# To do
Write out the full set of records exactly. Any pictures in them do not belong in the copy.

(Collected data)
···
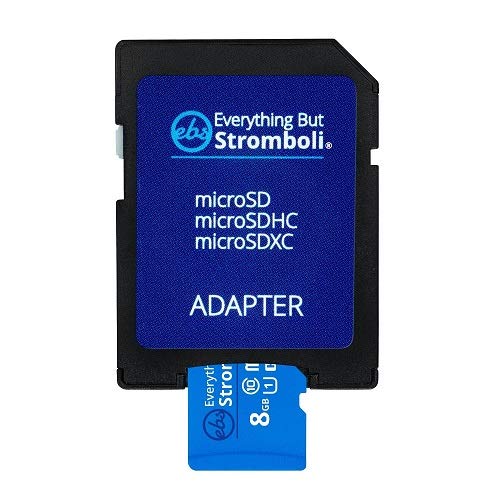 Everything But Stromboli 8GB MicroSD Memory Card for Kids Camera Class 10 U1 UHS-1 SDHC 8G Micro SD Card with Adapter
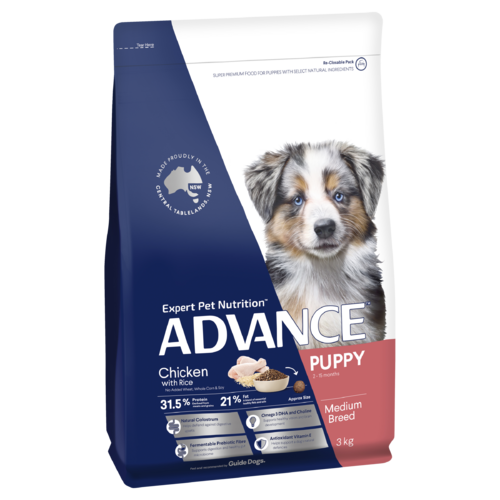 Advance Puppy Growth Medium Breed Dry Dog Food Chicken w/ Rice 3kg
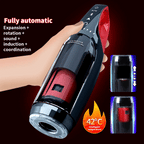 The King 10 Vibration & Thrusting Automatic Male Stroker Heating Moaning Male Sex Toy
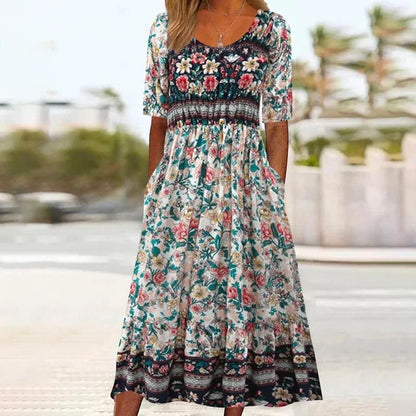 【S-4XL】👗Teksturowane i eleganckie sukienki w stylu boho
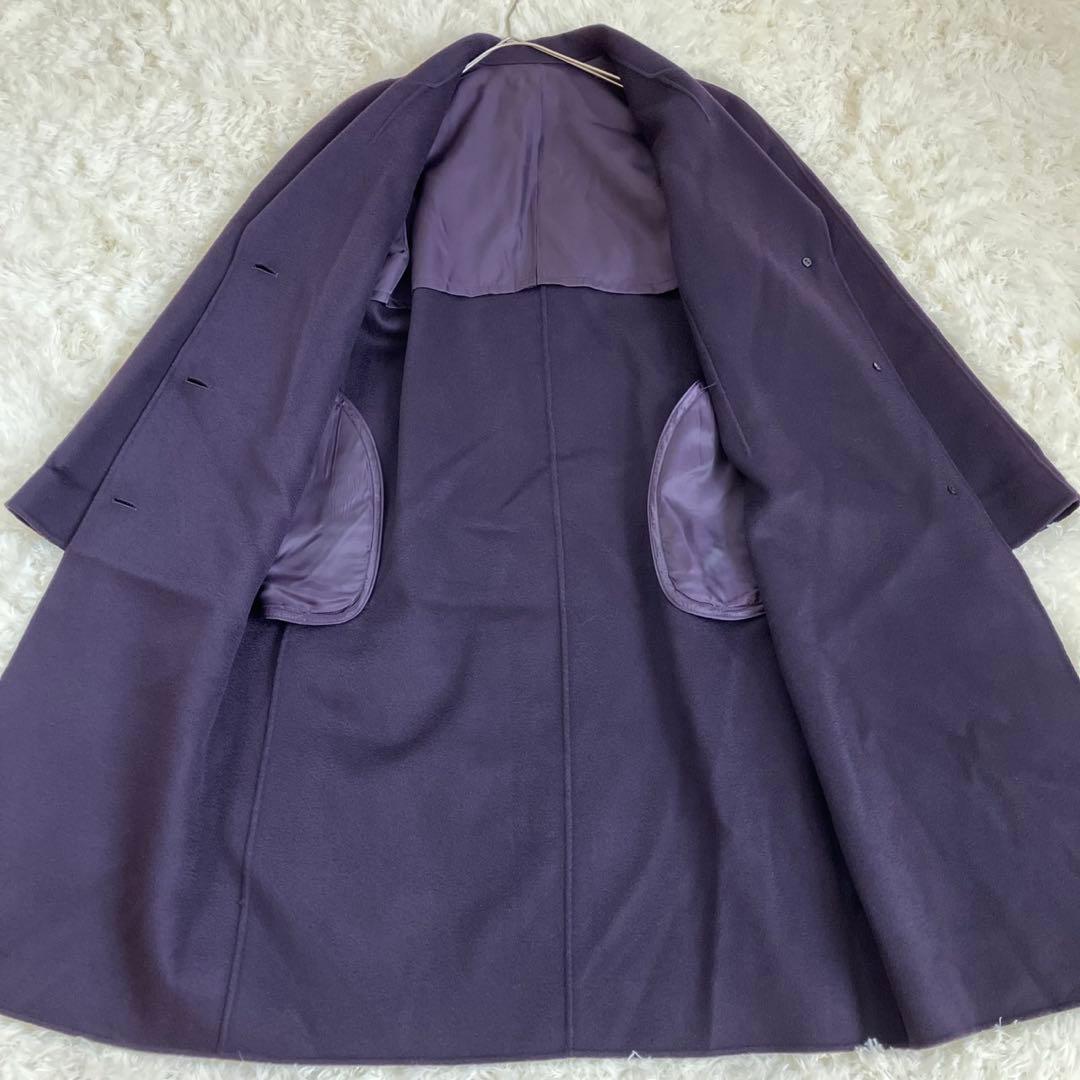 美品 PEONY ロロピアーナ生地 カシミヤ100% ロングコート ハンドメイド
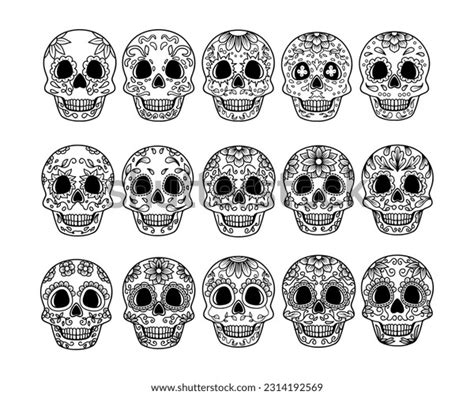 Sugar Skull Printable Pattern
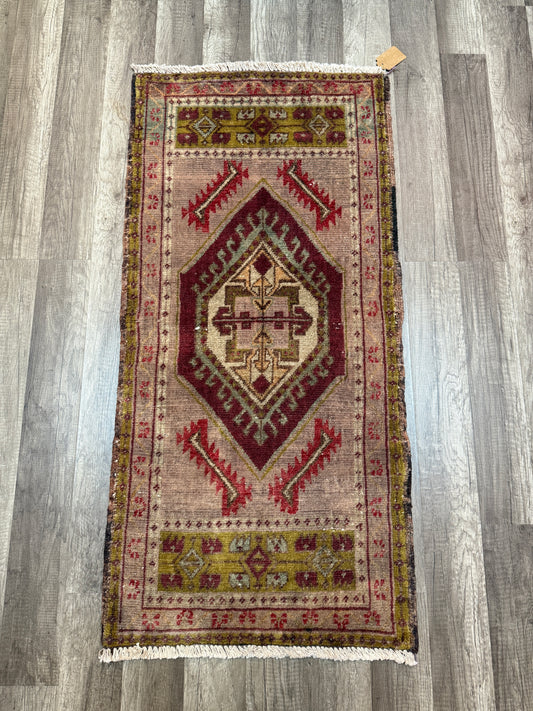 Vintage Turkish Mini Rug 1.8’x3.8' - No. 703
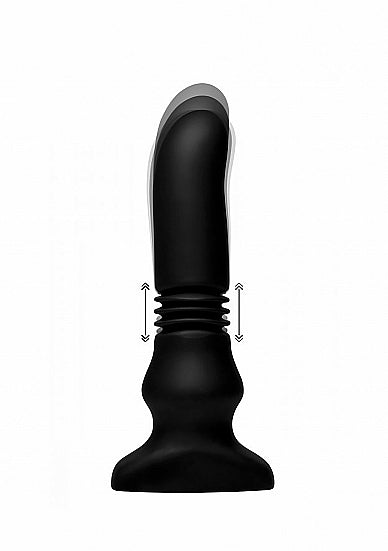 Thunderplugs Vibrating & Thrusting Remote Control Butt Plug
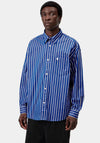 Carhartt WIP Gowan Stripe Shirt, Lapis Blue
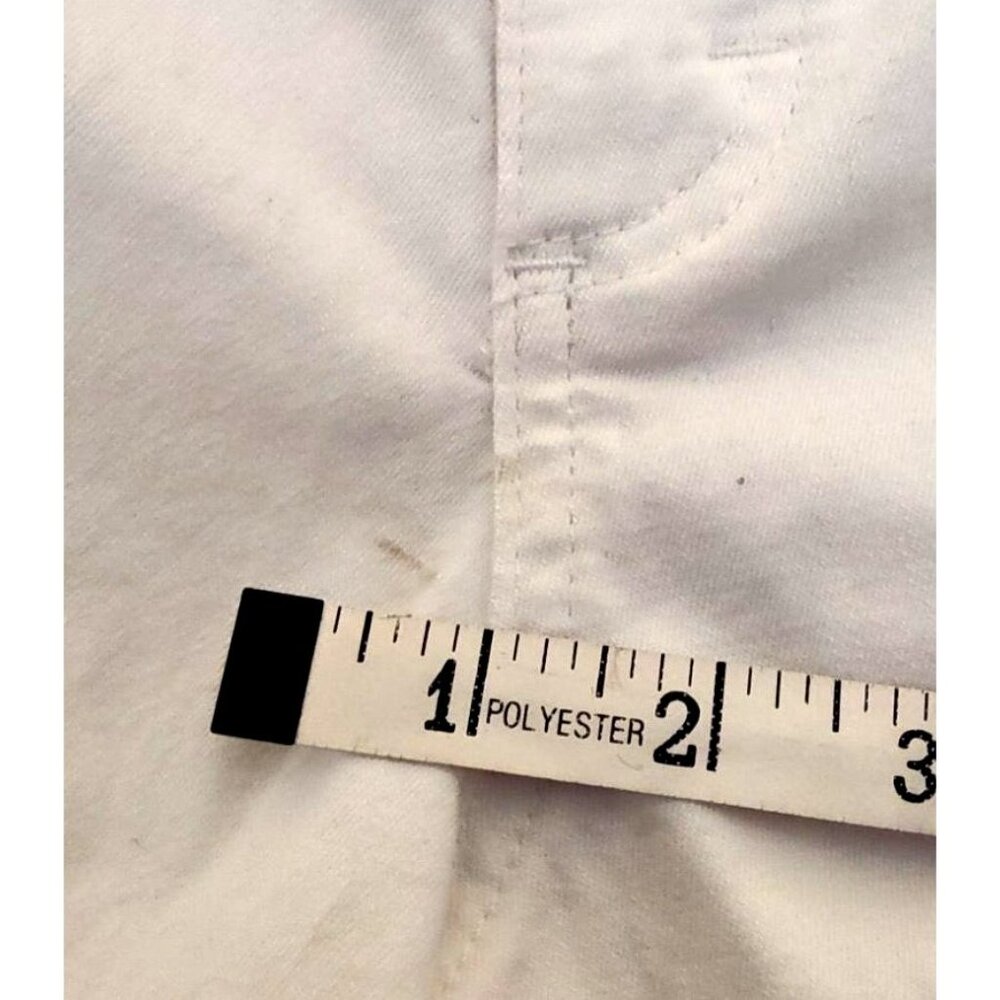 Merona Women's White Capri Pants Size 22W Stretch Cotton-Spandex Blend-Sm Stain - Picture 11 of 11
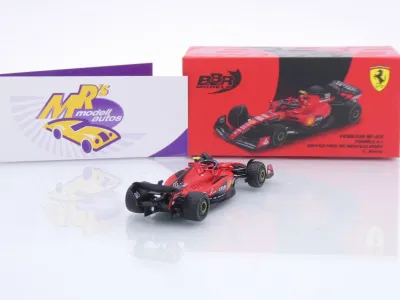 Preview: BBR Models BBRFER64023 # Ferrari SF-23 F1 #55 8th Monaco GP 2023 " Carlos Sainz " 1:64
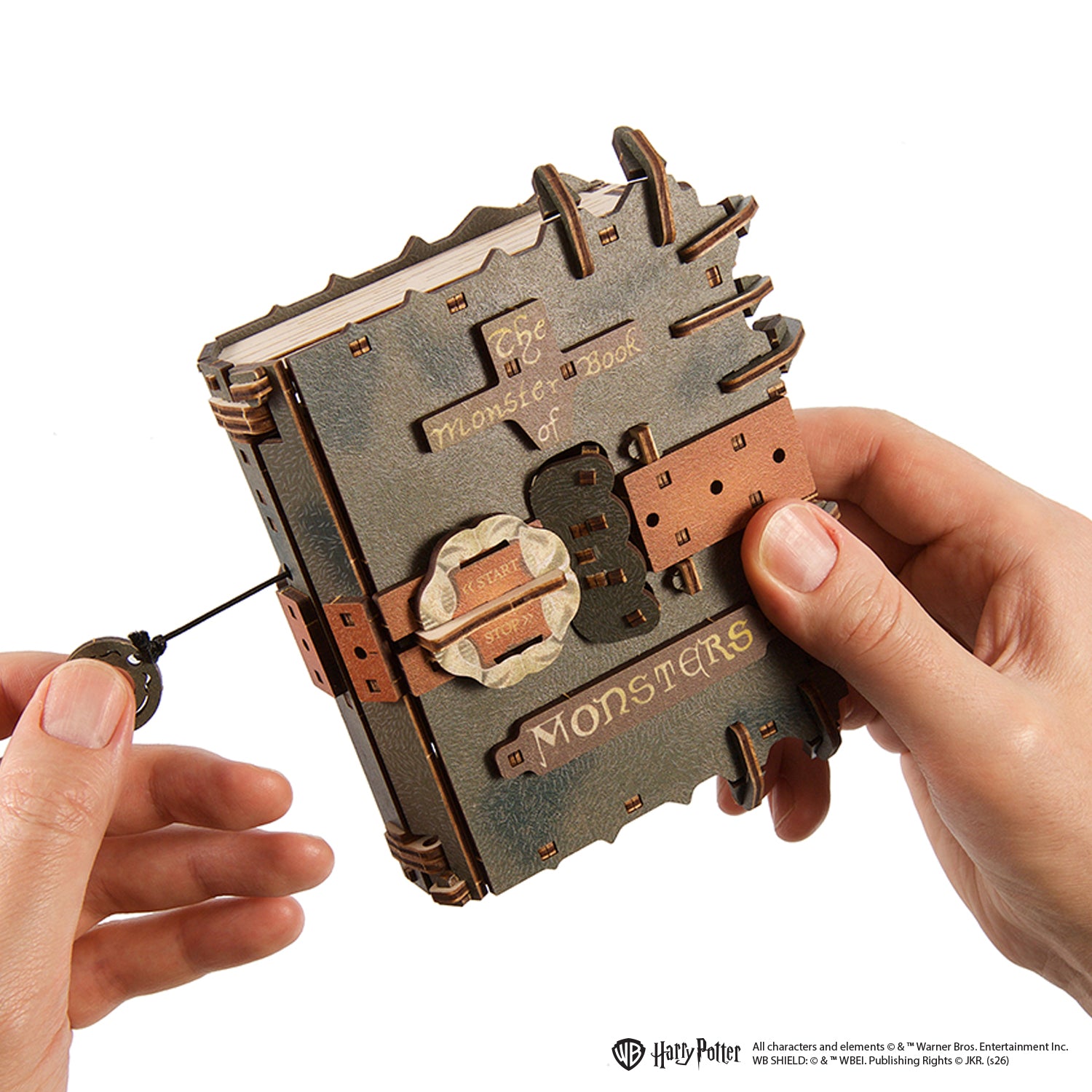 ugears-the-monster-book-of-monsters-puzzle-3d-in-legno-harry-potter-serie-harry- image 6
···
# Result for this exercise
 Everything But Stromboli 8GB MicroSD Memory Card for Kids Camera Class 10 U1 UHS-1 SDHC 8G Micro SD Card with Adapter
 Advance Puppy Growth Medium Breed Dry Dog Food Chicken w/ Rice 3kg
 The King 10 Vibration & Thrusting Automatic Male Stroker Heating Moaning Male Sex Toy
 【S-4XL】👗Teksturowane i eleganckie sukienki w stylu boho
 美品 PEONY ロロピアーナ生地 カシミヤ100% ロングコート ハンドメイド
 Sugar Skull Printable Pattern
 Vintage Turkish Mini Rug 1.8’x3.8' - No. 703
 Thunderplugs Vibrating & Thrusting Remote Control Butt Plug
 Carhartt WIP Gowan Stripe Shirt, Lapis Blue
 Merona Women's White Capri Pants Size 22W Stretch Cotton-Spandex Blend-Sm Stain - Picture 11 of 11
 Preview: BBR Models BBRFER64023 # Ferrari SF-23 F1 #55 8th Monaco GP 2023 " Carlos Sainz " 1:64
 ugears-the-monster-book-of-monsters-puzzle-3d-in-legno-harry-potter-serie-harry- image 6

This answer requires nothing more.